Dataset excerpts
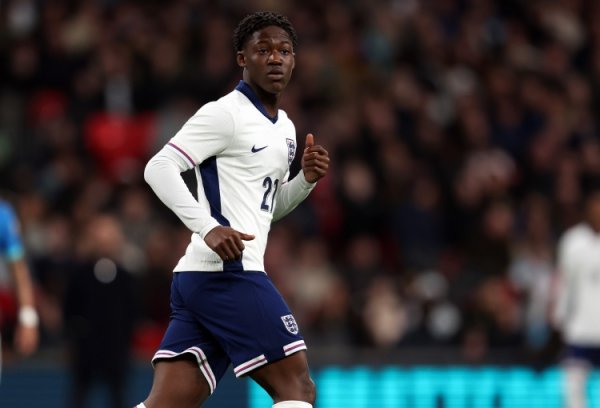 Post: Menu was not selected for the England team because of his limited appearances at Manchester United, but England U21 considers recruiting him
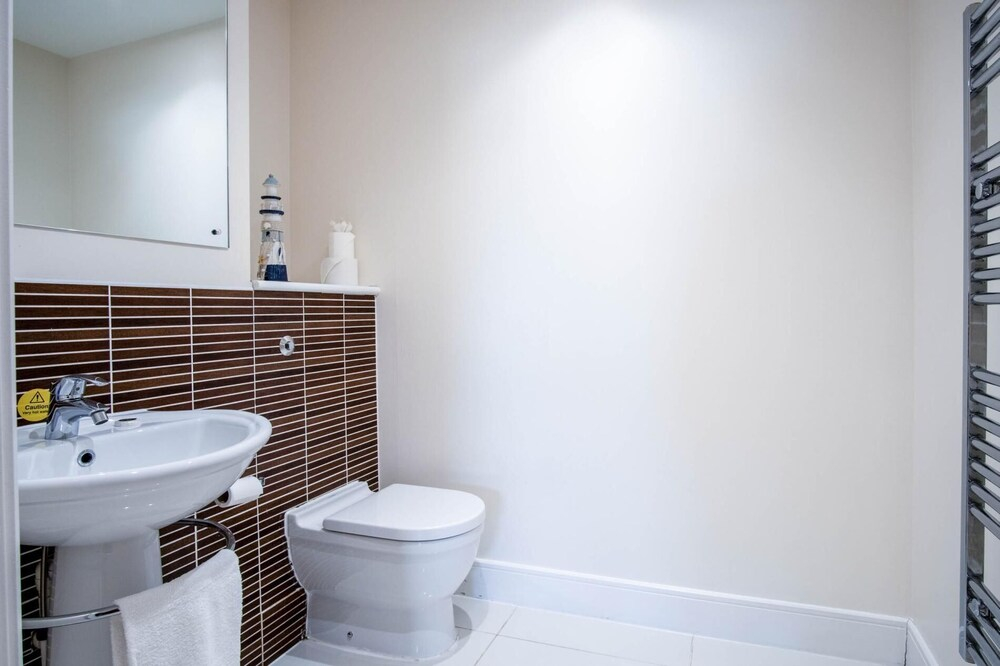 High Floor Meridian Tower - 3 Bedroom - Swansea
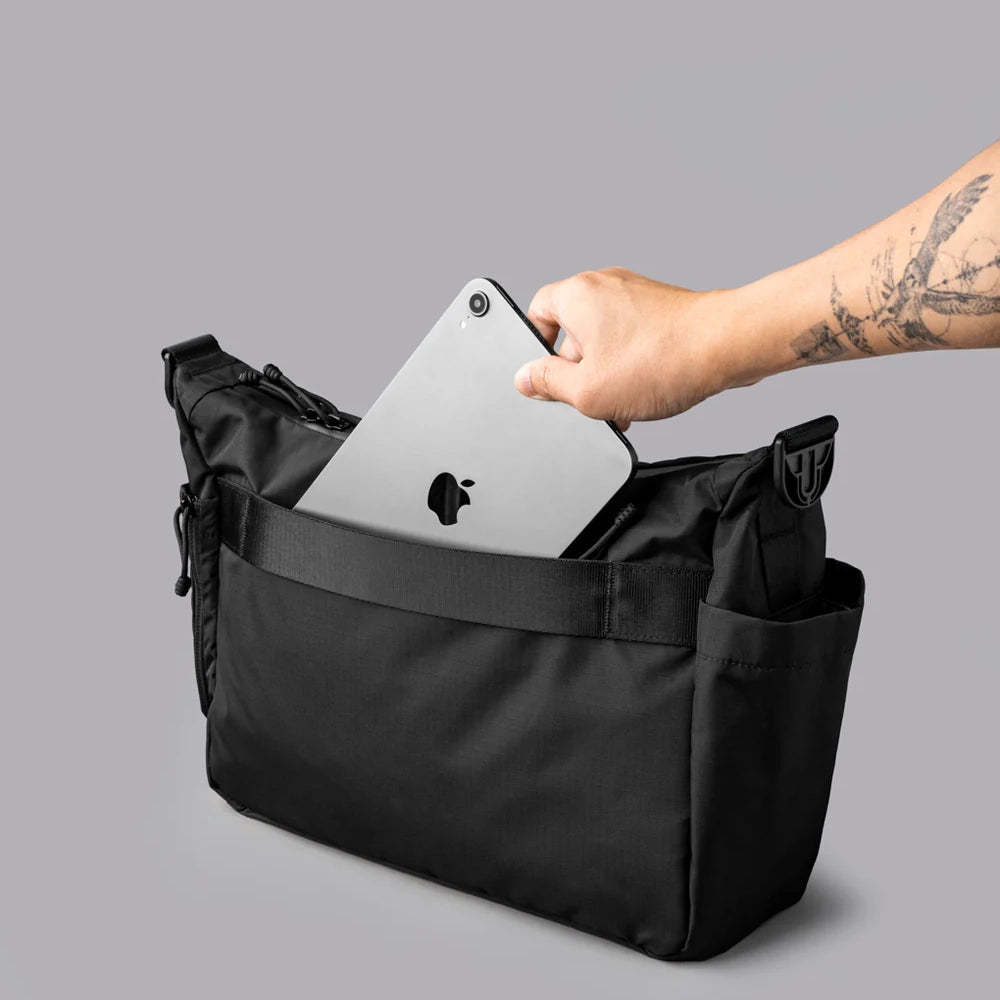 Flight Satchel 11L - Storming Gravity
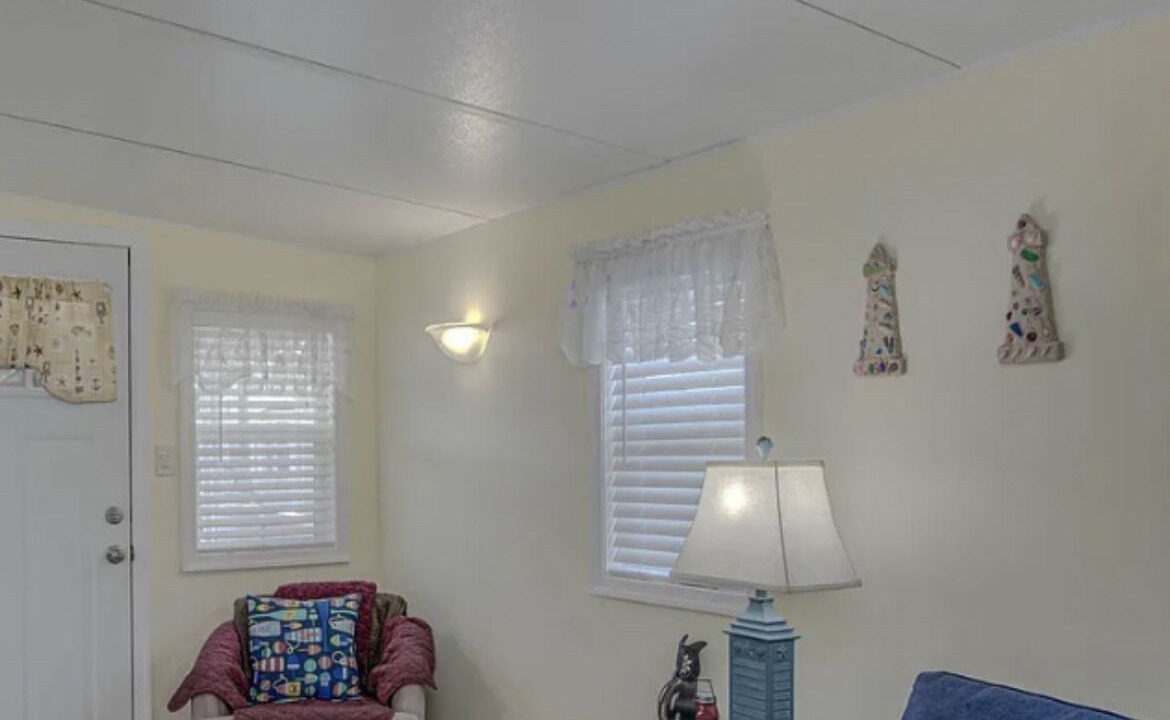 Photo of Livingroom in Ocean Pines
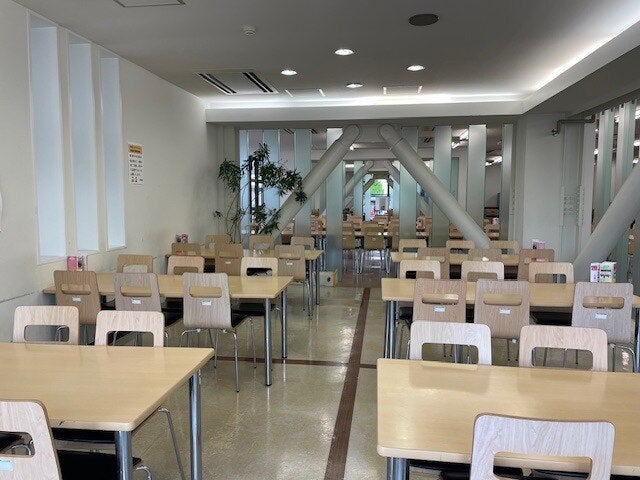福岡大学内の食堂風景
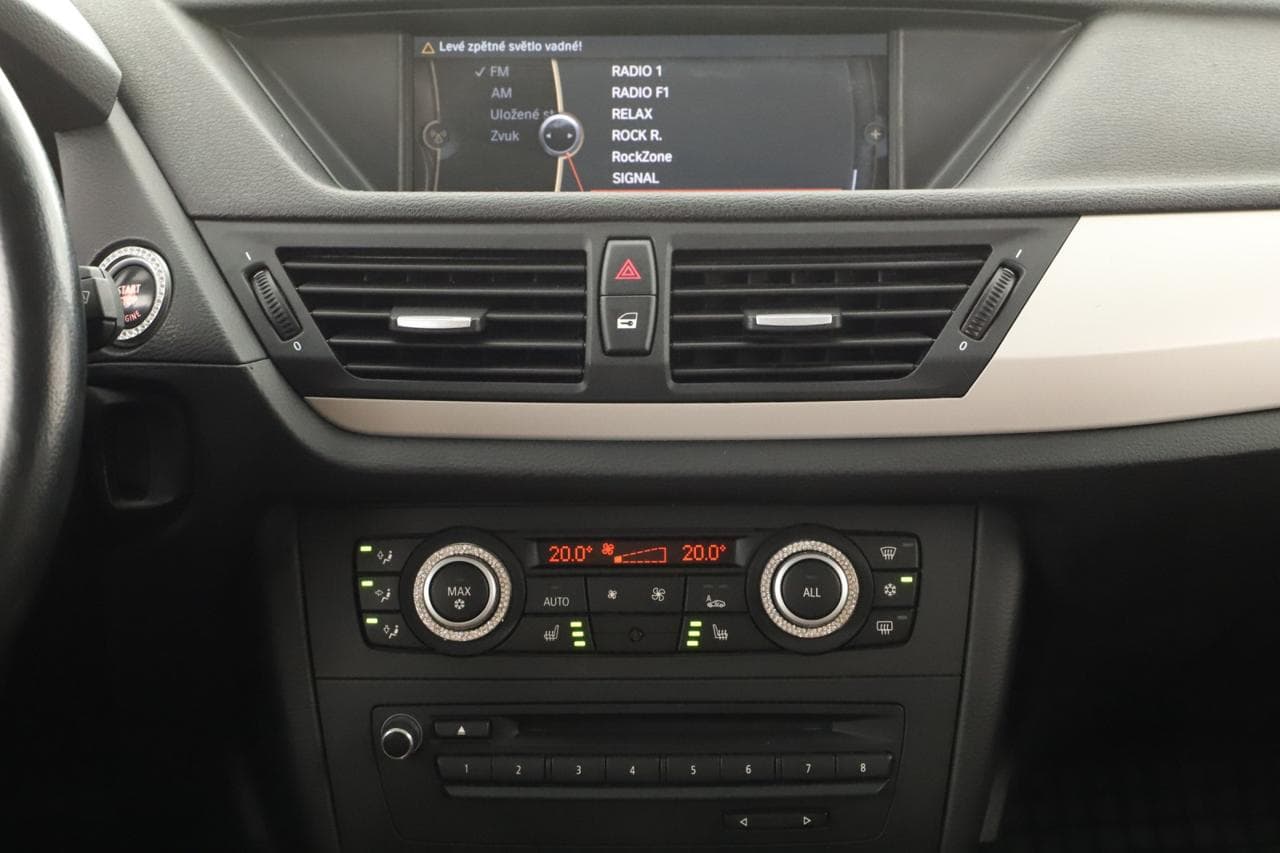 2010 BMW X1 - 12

* * *

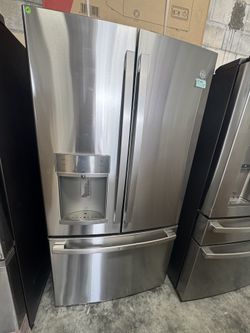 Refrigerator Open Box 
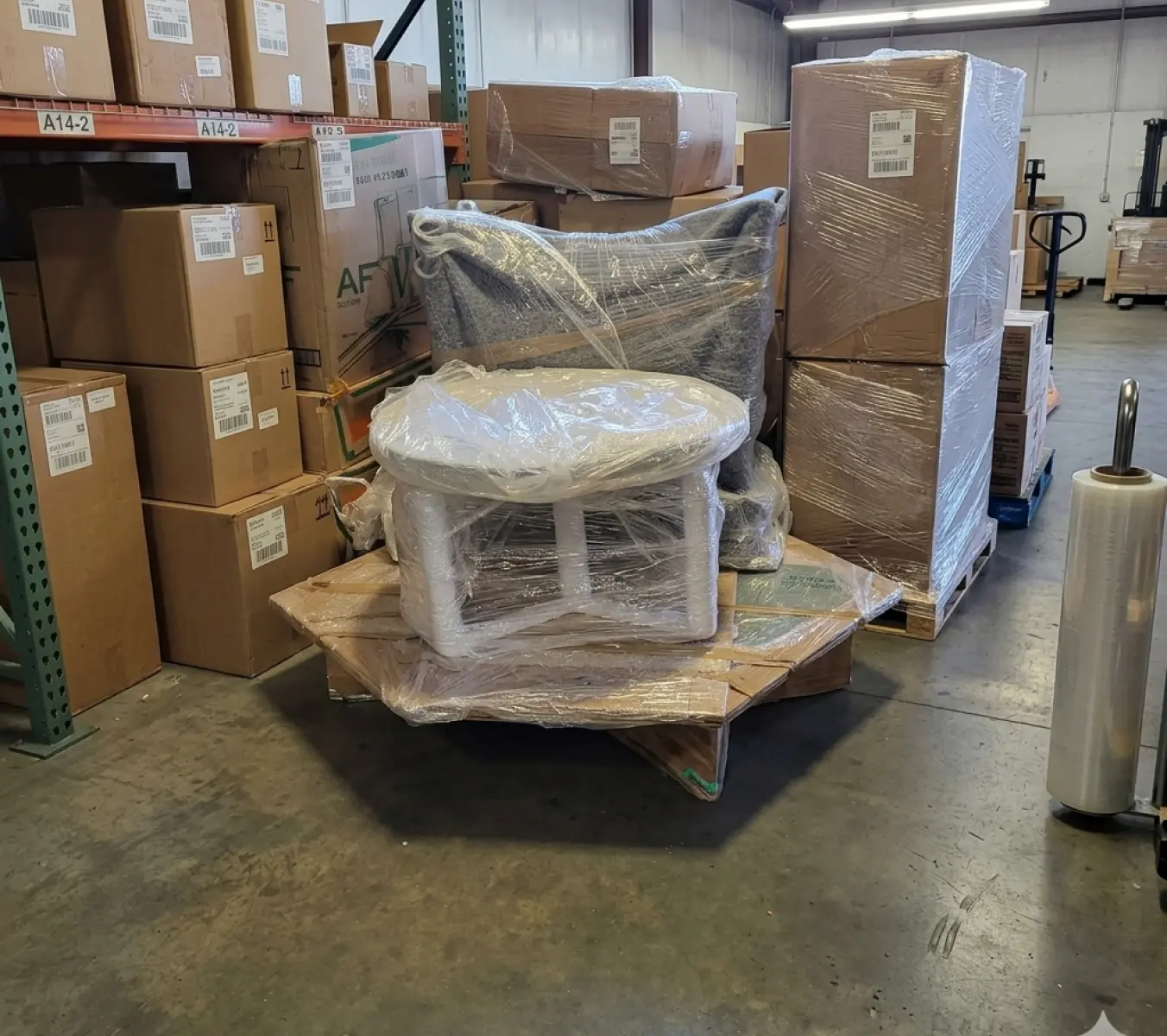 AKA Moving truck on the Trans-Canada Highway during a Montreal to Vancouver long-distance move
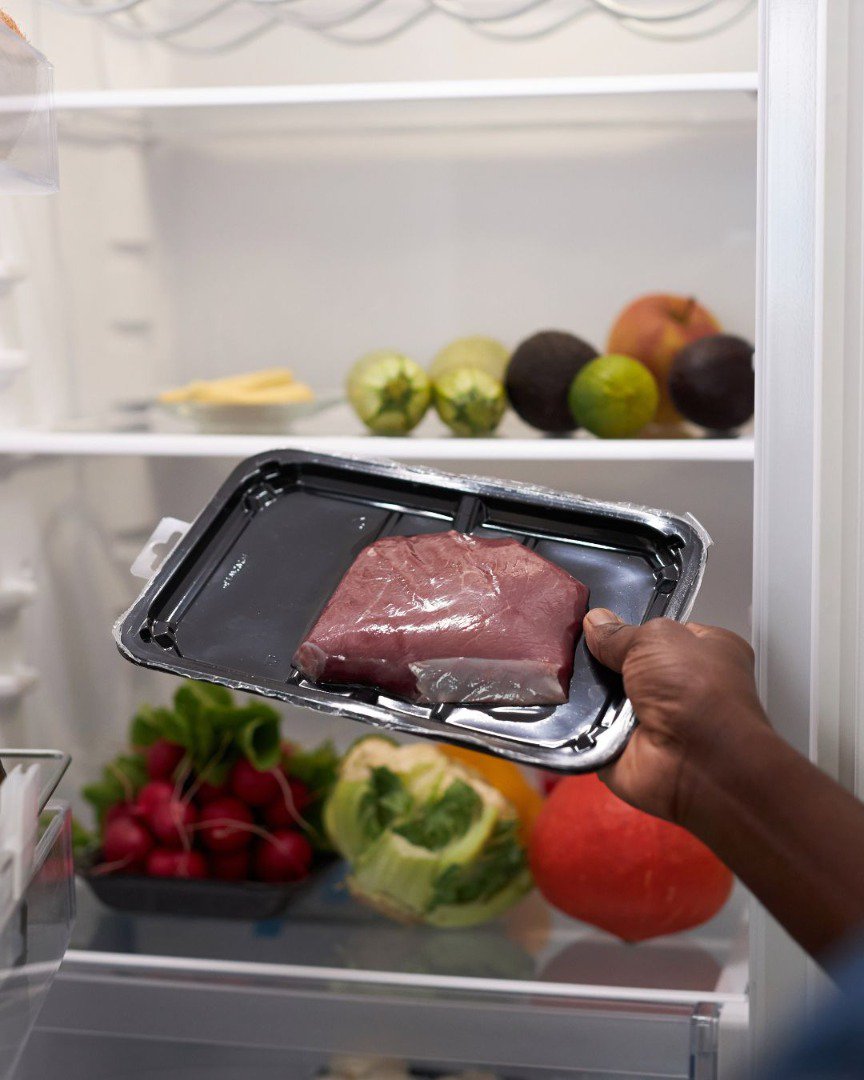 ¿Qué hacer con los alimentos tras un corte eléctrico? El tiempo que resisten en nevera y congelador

What is expected
Look above for the line with "Refrigerator Open Box" and the line with "nevera y congelador"; set down those two lines and all lines between them exactly, without pictures and without anything else.

Output of the exercise
 Refrigerator Open Box 
 AKA Moving truck on the Trans-Canada Highway during a Montreal to Vancouver long-distance move
 ¿Qué hacer con los alimentos tras un corte eléctrico? El tiempo que resisten en nevera y congelador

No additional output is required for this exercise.